**WORK REQUIRED**
After finding the line containing "लखनऊ नगर निगम" below, please output that line and each following one through the line containing "S kapelou Tři", exactly as written.

**EXTRACTED MATERIAL**

══════════

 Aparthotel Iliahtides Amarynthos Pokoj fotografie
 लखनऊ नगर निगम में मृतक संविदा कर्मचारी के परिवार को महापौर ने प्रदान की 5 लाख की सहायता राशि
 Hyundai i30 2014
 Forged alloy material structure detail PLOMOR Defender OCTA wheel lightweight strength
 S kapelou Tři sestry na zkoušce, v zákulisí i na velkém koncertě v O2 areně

══════════

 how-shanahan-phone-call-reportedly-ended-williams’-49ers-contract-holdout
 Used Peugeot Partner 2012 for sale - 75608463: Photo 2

══════════

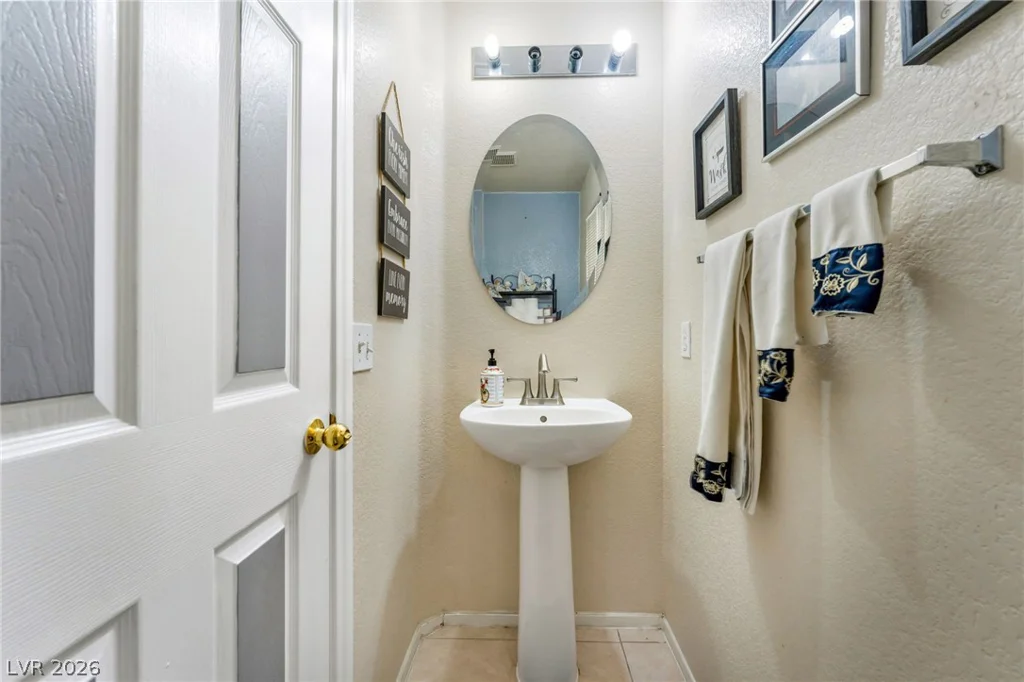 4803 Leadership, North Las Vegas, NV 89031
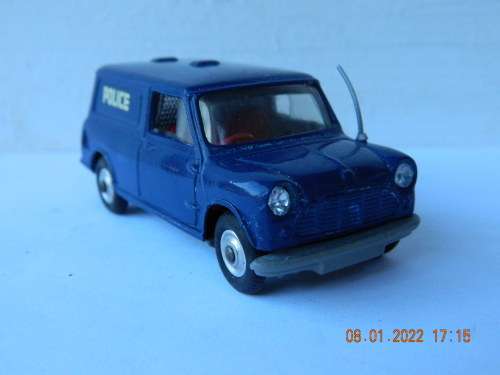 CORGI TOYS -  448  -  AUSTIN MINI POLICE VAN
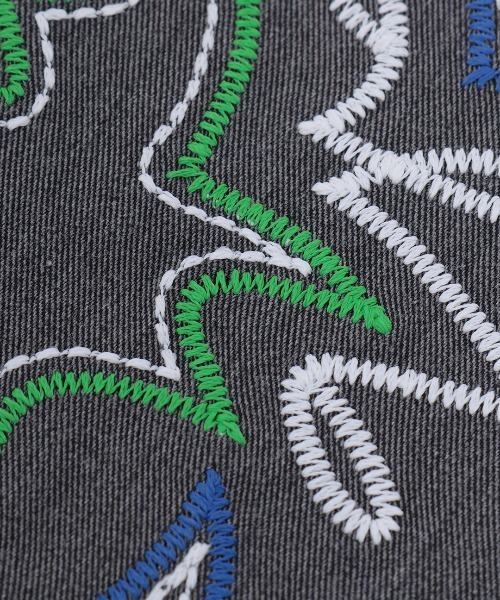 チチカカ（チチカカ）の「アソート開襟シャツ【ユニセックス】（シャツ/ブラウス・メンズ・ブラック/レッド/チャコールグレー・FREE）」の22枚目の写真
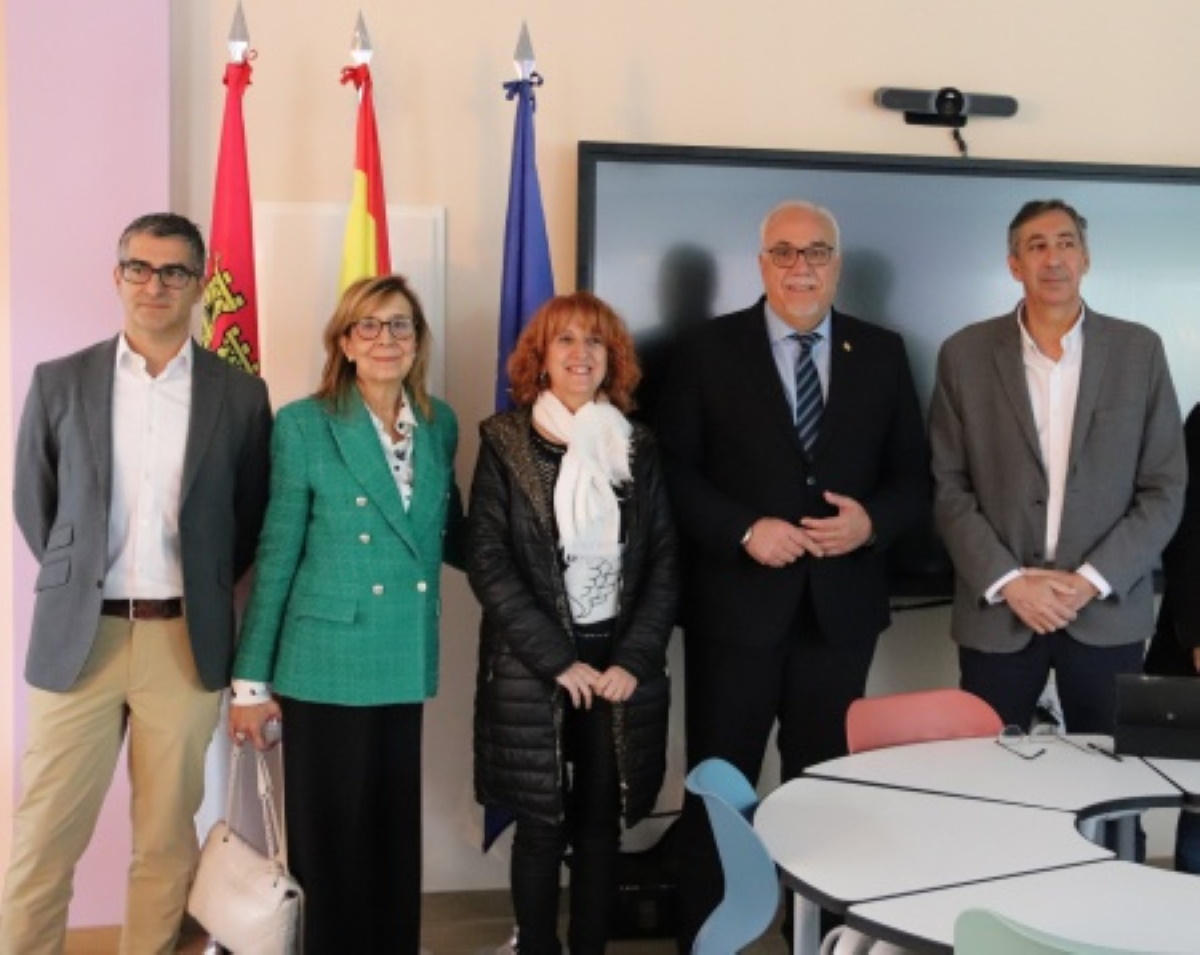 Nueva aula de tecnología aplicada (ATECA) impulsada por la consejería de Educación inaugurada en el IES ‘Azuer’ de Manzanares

══════════

**TASK RESULT**
 लखनऊ नगर निगम में मृतक संविदा कर्मचारी के परिवार को महापौर ने प्रदान की 5 लाख की सहायता राशि
 Hyundai i30 2014
 Forged alloy material structure detail PLOMOR Defender OCTA wheel lightweight strength
 S kapelou Tři sestry na zkoušce, v zákulisí i na velkém koncertě v O2 areně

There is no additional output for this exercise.